A 1911 Constitutional amendment gave Californians the right to recall a sitting lawmaker. But when Denham’s name appears on the June 3 ballot, it will be only the eighth time in California’s history that a legislator has been on the ballot for recall. Instead, the electorate has historically chosen to flex its political prowess by refusing to reelect the occasional wayward politician.
Five years later, the sting of the 2003 Republican-led recall of then-Gov. Gray Davis still burns – perhaps made even more painful by an election that pitted a serious politician (Davis) trying to save his job against 135 gubernatorial wannabes (a porn star, Larry Flint of Hustler magazine fame, and actor Gary Coleman, among others) who threatened to make a mockery of California politics. Critics of the Denham recall say it cuts even deeper: This is tit-for-tat time for Dems, and Denham will take the fall. It didn’t help that Denham’s vote against the budget, and refusal to budge for seven solid weeks pissed off one of the most powerful politicians in Sacramento: Senate Pro Tem Don Perata.

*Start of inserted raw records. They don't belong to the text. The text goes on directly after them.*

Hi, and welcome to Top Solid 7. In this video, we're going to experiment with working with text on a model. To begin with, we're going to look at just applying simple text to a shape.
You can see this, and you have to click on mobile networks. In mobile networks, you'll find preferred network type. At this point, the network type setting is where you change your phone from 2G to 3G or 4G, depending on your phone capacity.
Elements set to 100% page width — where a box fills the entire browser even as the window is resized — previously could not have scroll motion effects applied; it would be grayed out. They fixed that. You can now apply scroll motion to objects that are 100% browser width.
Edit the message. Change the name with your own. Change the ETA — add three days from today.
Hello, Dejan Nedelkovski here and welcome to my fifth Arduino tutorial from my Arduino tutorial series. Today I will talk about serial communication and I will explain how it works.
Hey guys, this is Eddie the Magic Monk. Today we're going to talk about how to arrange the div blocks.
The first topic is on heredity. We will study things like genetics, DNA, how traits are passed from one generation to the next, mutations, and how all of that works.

“This is Jeff Denham versus Don Perata,” says Tim Clark, Denham’s political strategist. “Jeff was right to oppose the budget and not back down because of Perata’s bullying.”

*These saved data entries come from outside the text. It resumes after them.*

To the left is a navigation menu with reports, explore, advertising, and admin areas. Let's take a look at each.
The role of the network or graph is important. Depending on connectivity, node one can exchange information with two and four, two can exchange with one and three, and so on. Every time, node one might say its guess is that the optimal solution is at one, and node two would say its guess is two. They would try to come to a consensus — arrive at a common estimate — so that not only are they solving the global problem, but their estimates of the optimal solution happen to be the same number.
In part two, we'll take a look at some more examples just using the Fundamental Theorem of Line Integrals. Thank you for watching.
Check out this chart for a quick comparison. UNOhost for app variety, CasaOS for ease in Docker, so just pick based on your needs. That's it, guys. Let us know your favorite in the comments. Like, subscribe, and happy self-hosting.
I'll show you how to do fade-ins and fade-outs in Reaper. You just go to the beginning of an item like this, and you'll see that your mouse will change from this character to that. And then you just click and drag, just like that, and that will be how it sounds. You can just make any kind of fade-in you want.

Perata led the move to get Denham’s name on the ballot in Denham’s wackily drawn 12th District that includes parts of Monterey, San Benito, Stanislaus, Merced and Madera counties.
Though the district’s registered voters are split 46 percent Democrat to 36 percent Republican, a Democrat has never been elected in the 12th. In 2002, when the district was redrawn to its current configuration, then-rookie Denham beat out long-time politically connected Democrat Rusty Areias. In 2006, Denham won nearly 60 percent of the vote in a reelection bid against Democrat Wiley Nickel. “The failure of any Democrat to win a single election in that district has become an embarrassment to the party,” says a long-time elected Dem.
Recall critics say the district’s Democrat-to-Republican ratio made Denham a sitting duck, since the other Republican holdouts on the budget represented largely GOP-dominated or 50/50-split territories.
Some say Denham hasn’t helped matters much by being largely inactive in the Legislature. “He hasn’t done anything he was elected to do,” says Gary Robbins, an activist who led the charge to get the recall on the ballot. “I know he’s said he votes his conscience, but I don’t know how he can call it conscience when he simply votes in favor of legislation that supports people who give him huge sums of money. He votes the way the money flows,” Robbins says of racetrack owners and casino owners who have made big donations to Denham’s campaigns over the years. Denham has authored several bills to benefit both industries.
If voters decide to yank Denham’s Senate seat out from under him, they will be sending Monterey County Supervisor Simón Salinas to Sacramento. Salinas, the only candidate on the ballot to replace Denham, was termed out of the Assembly in 2006. Instead of challenging Denham for the District 12 seat that same year, Salinas ran for local office to stay close to home and tend to family matters. He says he has no regrets.
“Thousands of registered voters signed petitions to get this recall on the ballot,” Salinas says. “What that says to me is that voters are ready for change. There is so much work in Sacramento to be done for the district. And I think people are tired of the bickering and just want someone to get in there and get things done. It’s time.”